■ TASK DETAILS
After locating the line that contains "HSRQ-500x2G Fully Automatic", give that line and all the rest through the end of the entries again exactly, leaving the pictures out.

DATASET ENTRIES START

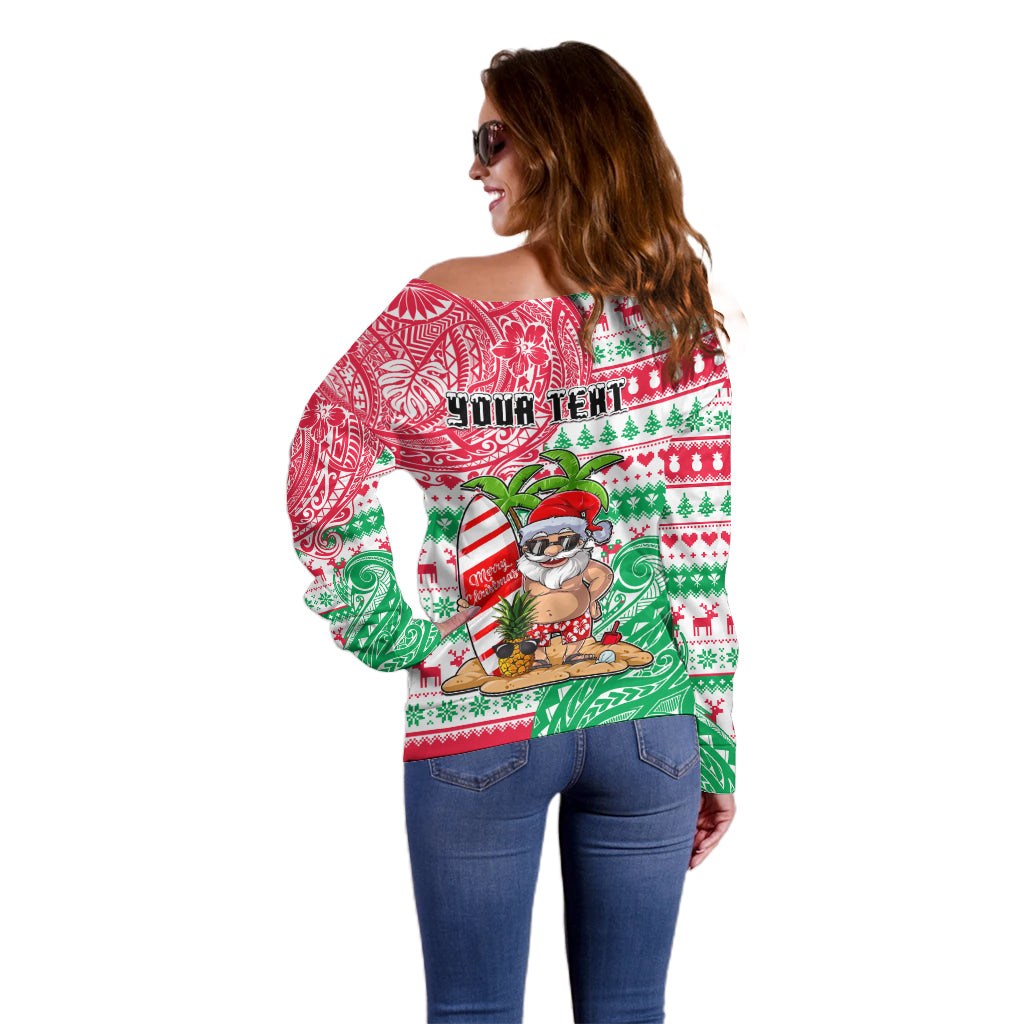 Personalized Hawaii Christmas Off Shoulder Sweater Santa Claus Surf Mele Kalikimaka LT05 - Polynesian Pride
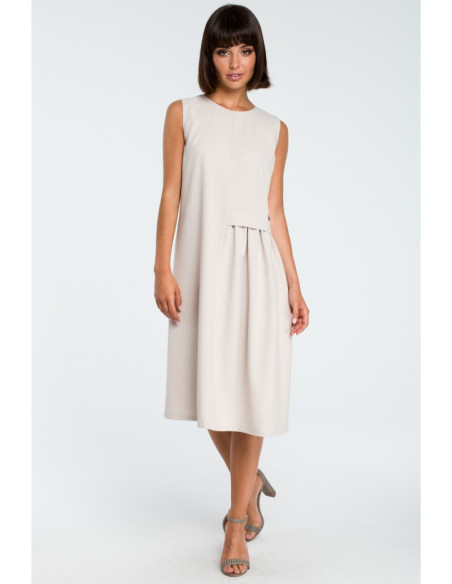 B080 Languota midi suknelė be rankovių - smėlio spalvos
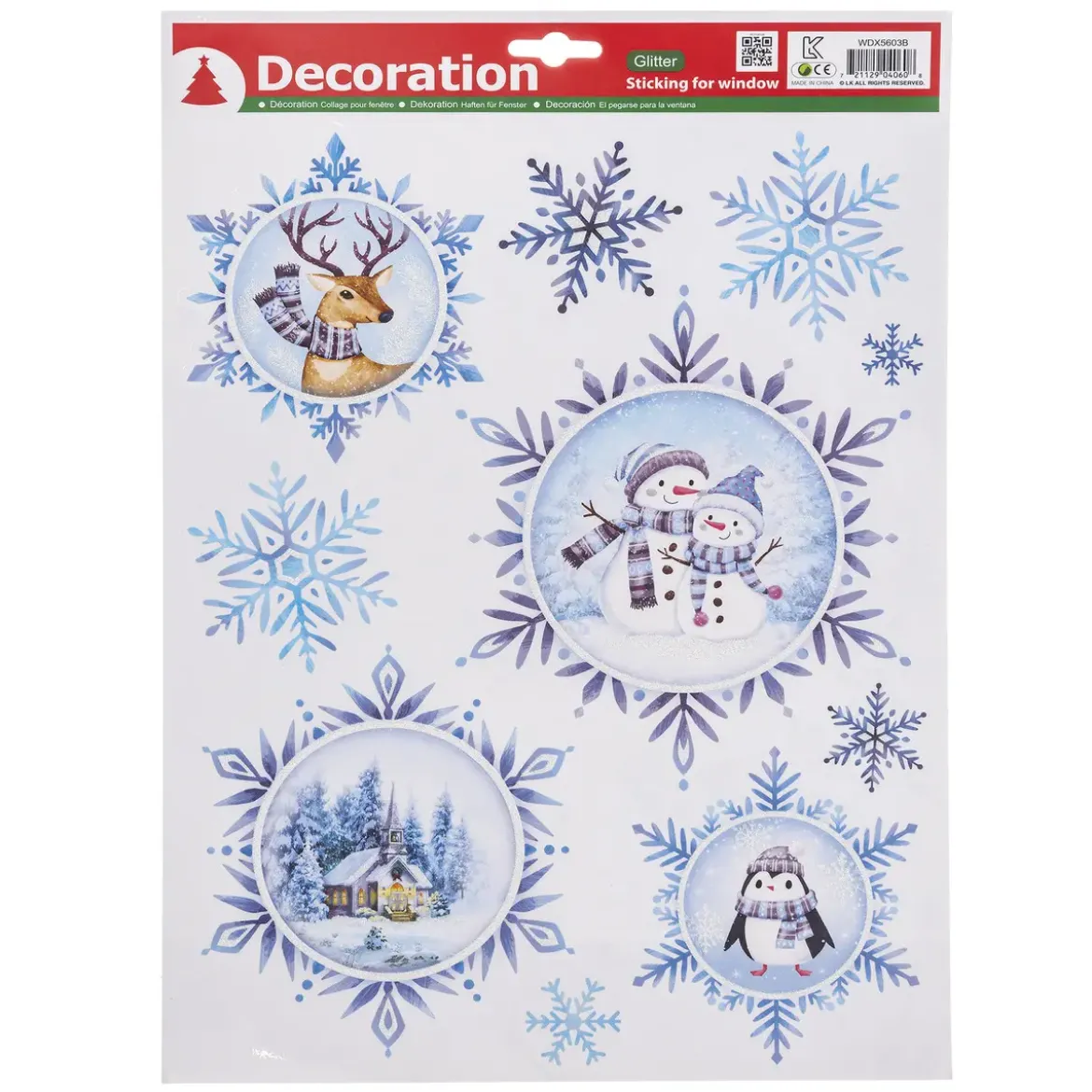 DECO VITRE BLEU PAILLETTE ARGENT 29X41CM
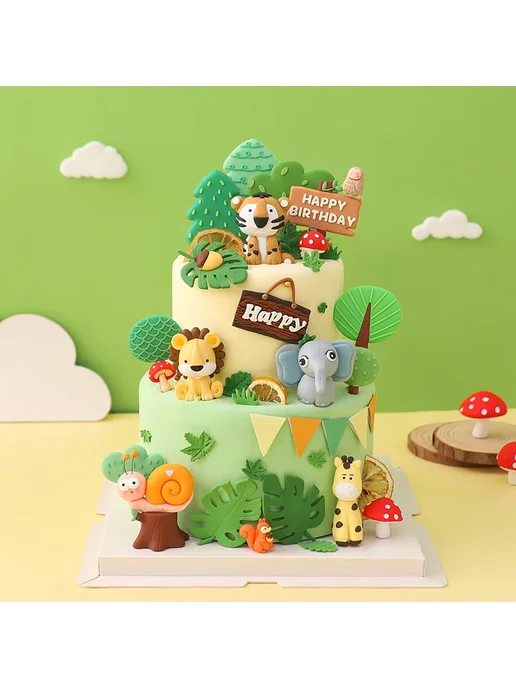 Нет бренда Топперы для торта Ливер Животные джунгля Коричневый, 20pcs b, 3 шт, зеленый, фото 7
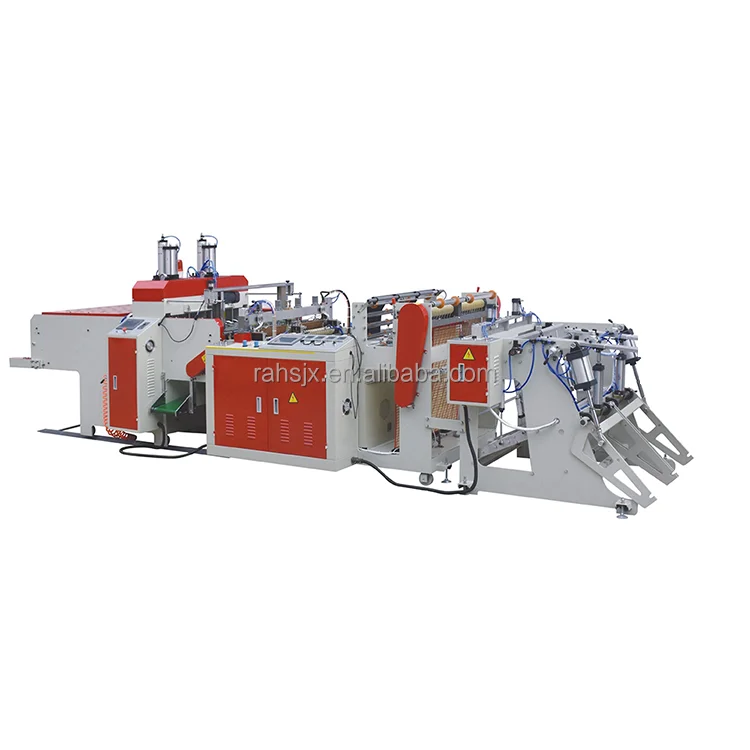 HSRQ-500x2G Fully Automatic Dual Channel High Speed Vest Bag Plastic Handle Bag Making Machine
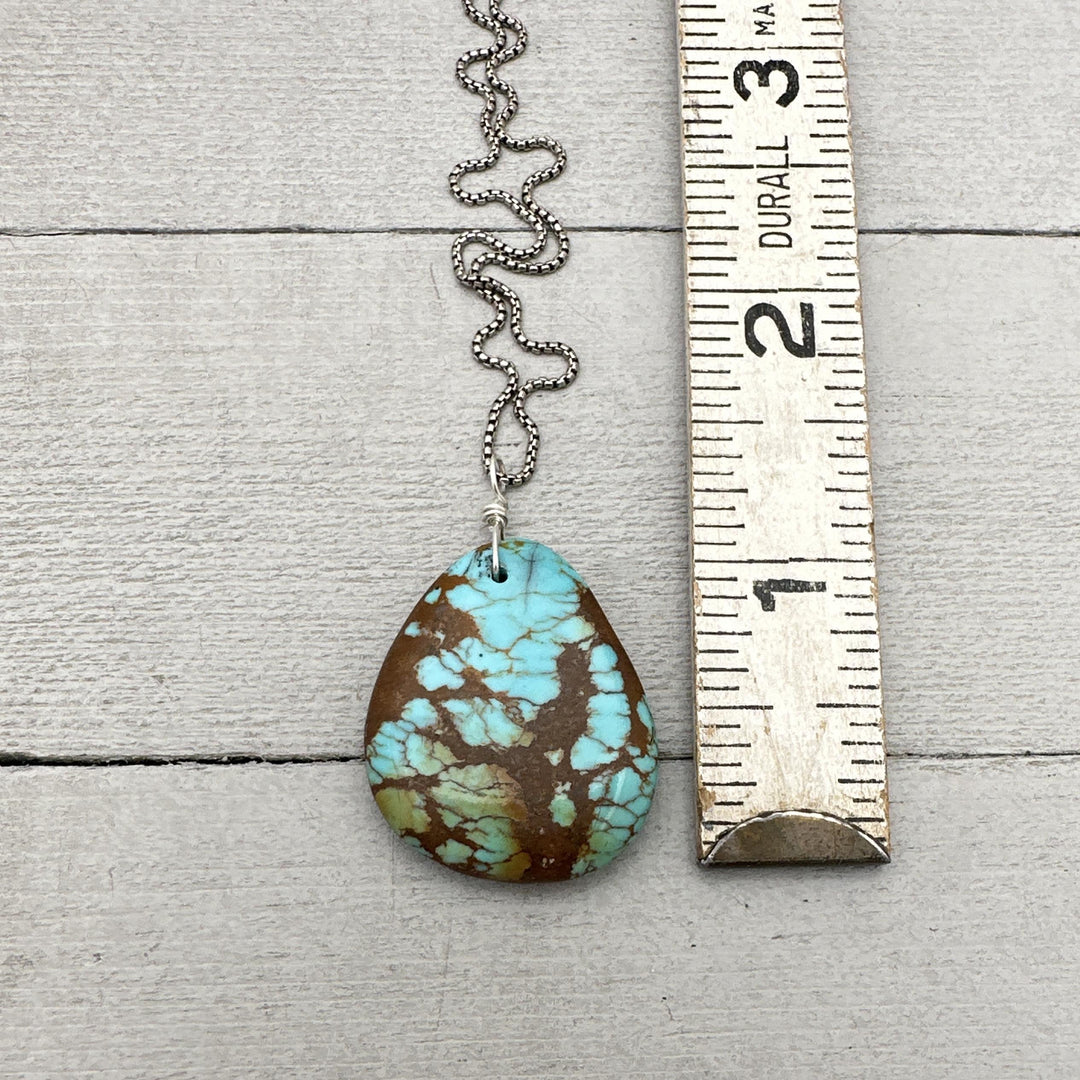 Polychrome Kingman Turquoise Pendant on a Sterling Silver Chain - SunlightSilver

DATASET ENTRIES END

■ TASK OUTPUT
 HSRQ-500x2G Fully Automatic Dual Channel High Speed Vest Bag Plastic Handle Bag Making Machine
 Polychrome Kingman Turquoise Pendant on a Sterling Silver Chain - SunlightSilver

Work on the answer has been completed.